→ **WHAT YOU NEED TO DO**: Print the records below exactly, and do not carry over any picture.

→ **DATA SUPPLIED**:
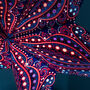 Red And Blue Star Lantern, thumbnail 3 of 5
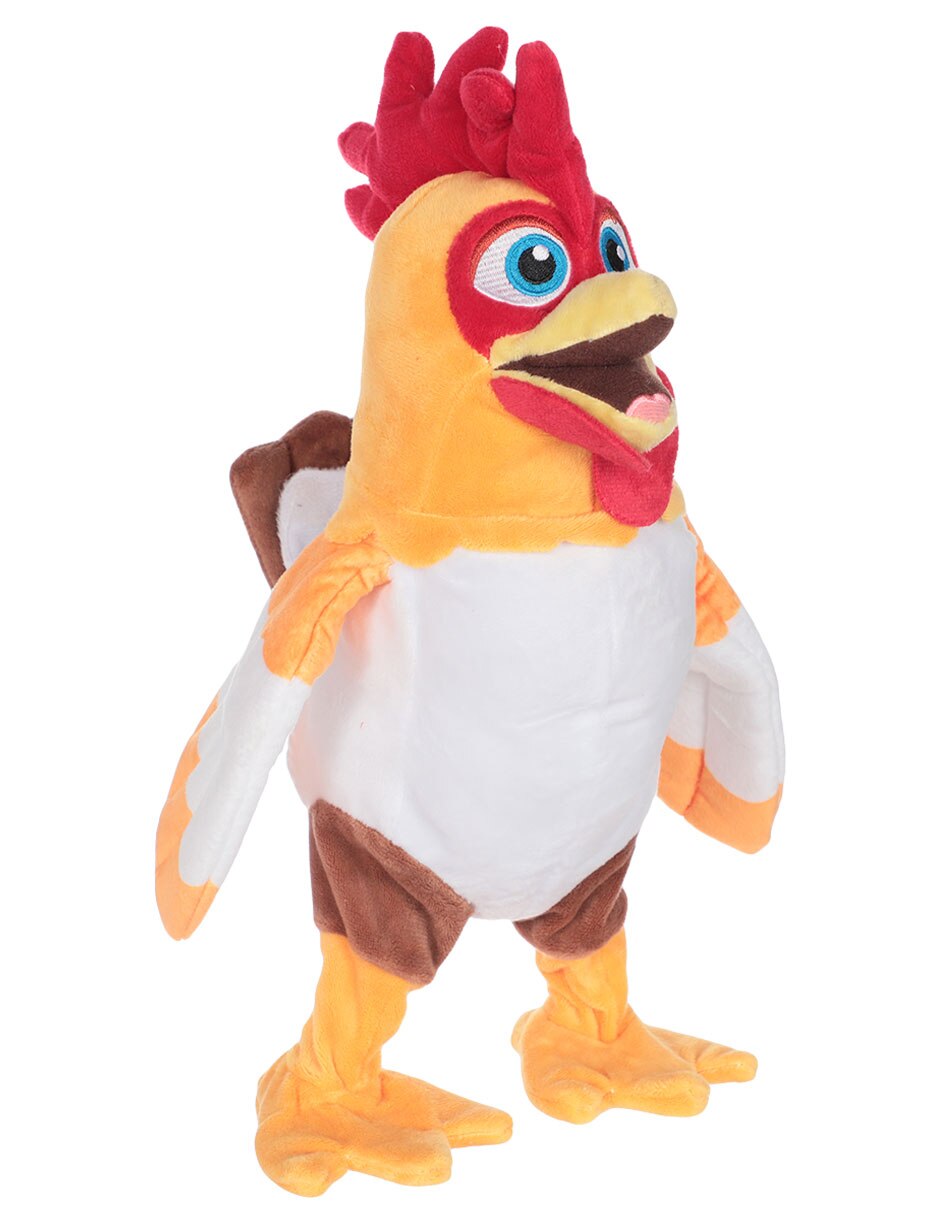 Peluche de gallo la granja de Zenón 2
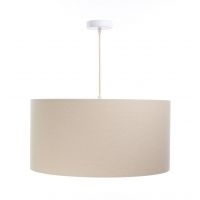 BPS Koncept Boho lampa wisząca 1x60W len 0E0-130-40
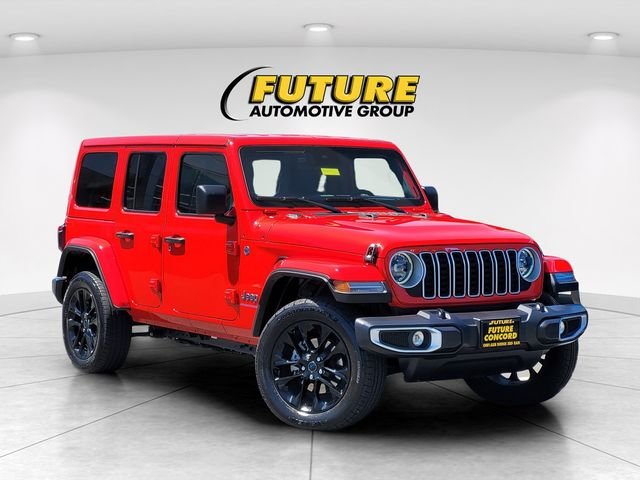 2025 Jeep Wrangler 4xe Sahara 4XE's photo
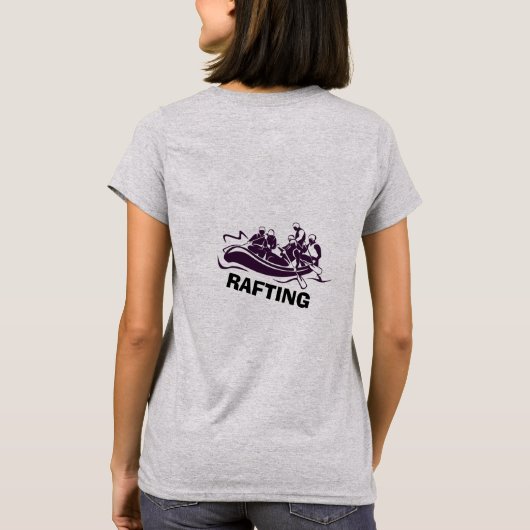 White Water Rafting Tee Shirt (Achterkant)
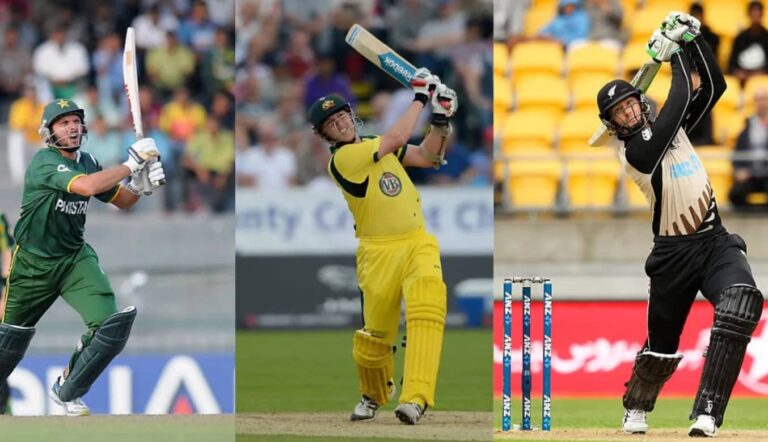 Longest Sixes In Cricket History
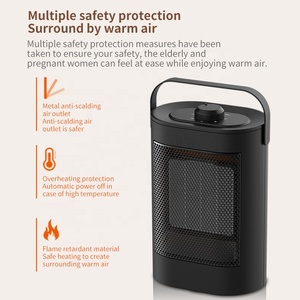 <span class=keywords><strong>Calentador</strong></span> <span class=keywords><strong>de</strong></span> Aire Portátil <span class=keywords><strong>de</strong></span> 1500W, Mini <span class=keywords><strong>Calentador</strong></span> <span class=keywords><strong>de</strong></span> Aire <span class=keywords><strong>de</strong></span> Calentamiento Rápido para el Hogar y la Oficina en Invierno - Product Image 4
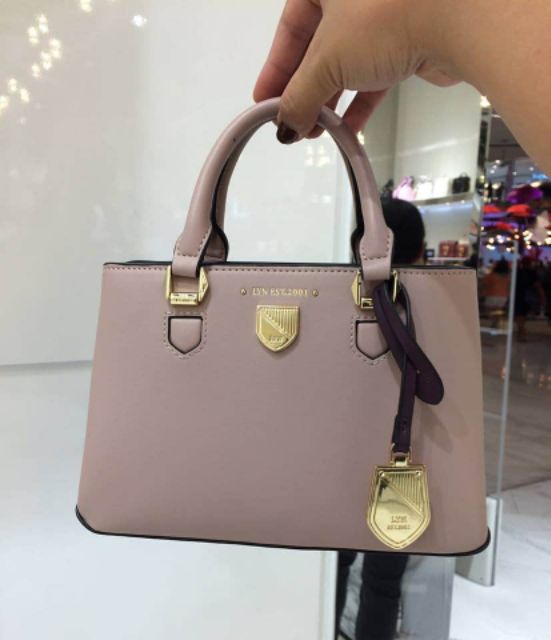 Túi da thật size nhỏ 23cm Sale Shock - full bill anh full box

→ **EXPECTED OUTPUT**:
 Red And Blue Star Lantern, thumbnail 3 of 5
 Peluche de gallo la granja de Zenón 2
 BPS Koncept Boho lampa wisząca 1x60W len 0E0-130-40
 2025 Jeep Wrangler 4xe Sahara 4XE's photo
 White Water Rafting Tee Shirt (Achterkant)
 Longest Sixes In Cricket History
 <span class=keywords><strong>Calentador</strong></span> <span class=keywords><strong>de</strong></span> Aire Portátil <span class=keywords><strong>de</strong></span> 1500W, Mini <span class=keywords><strong>Calentador</strong></span> <span class=keywords><strong>de</strong></span> Aire <span class=keywords><strong>de</strong></span> Calentamiento Rápido para el Hogar y la Oficina en Invierno - Product Image 4
 Túi da thật size nhỏ 23cm Sale Shock - full bill anh full box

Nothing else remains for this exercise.